Your instructions: Look below for the line with "Things are going" and the line with "Next, we are". Copy exactly those two lines and every line between, but not the pictures.

Dataset records:
--- START ---

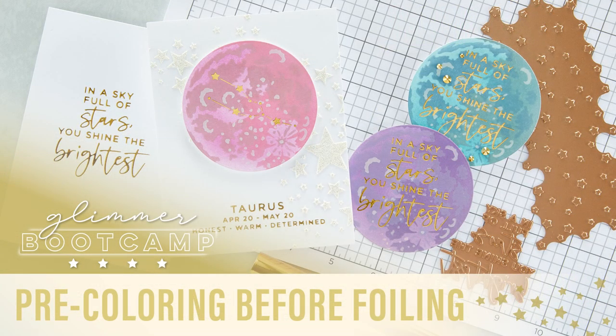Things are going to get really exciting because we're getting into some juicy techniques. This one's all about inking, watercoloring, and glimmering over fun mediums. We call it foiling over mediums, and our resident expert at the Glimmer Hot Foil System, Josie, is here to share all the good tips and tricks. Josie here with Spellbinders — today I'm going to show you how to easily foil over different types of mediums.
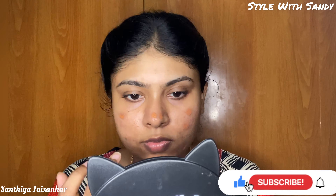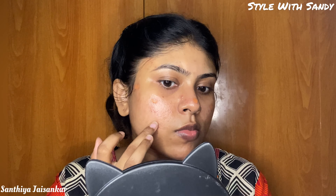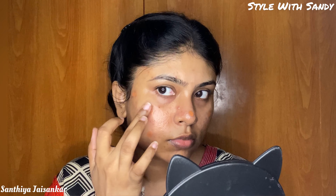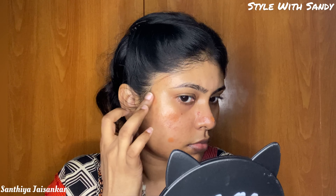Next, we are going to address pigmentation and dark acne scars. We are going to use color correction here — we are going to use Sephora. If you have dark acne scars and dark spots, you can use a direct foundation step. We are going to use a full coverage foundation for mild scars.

--- END ---
--- START ---

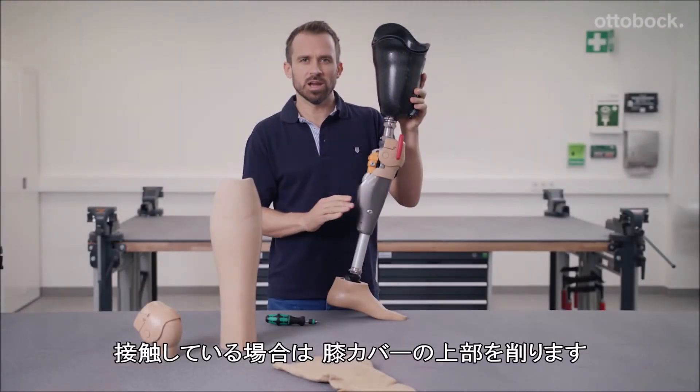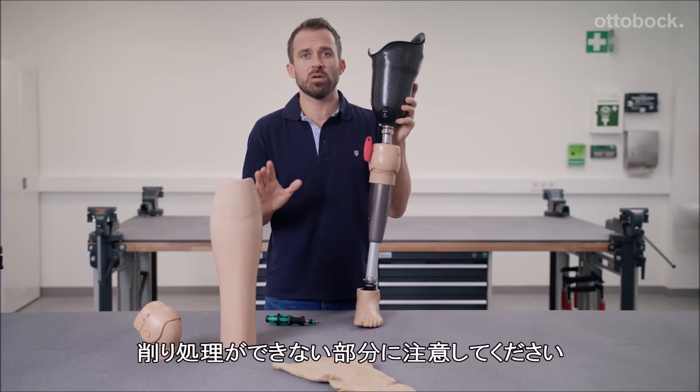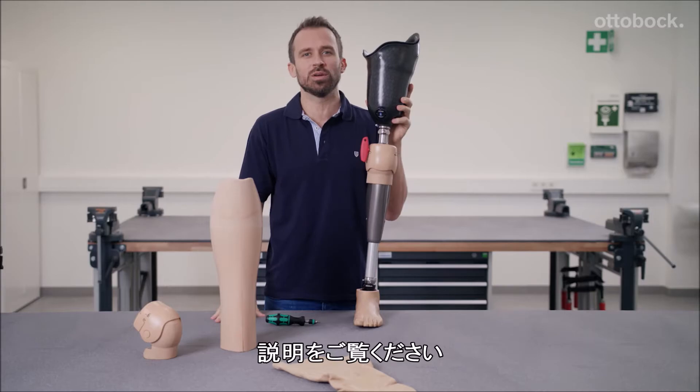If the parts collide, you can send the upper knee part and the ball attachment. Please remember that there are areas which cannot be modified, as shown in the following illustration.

--- END ---

Exercise solution:
Things are going to get really exciting because we're getting into some juicy techniques. This one's all about inking, watercoloring, and glimmering over fun mediums. We call it foiling over mediums, and our resident expert at the Glimmer Hot Foil System, Josie, is here to share all the good tips and tricks. Josie here with Spellbinders — today I'm going to show you how to easily foil over different types of mediums.
Next, we are going to address pigmentation and dark acne scars. We are going to use color correction here — we are going to use Sephora. If you have dark acne scars and dark spots, you can use a direct foundation step. We are going to use a full coverage foundation for mild scars.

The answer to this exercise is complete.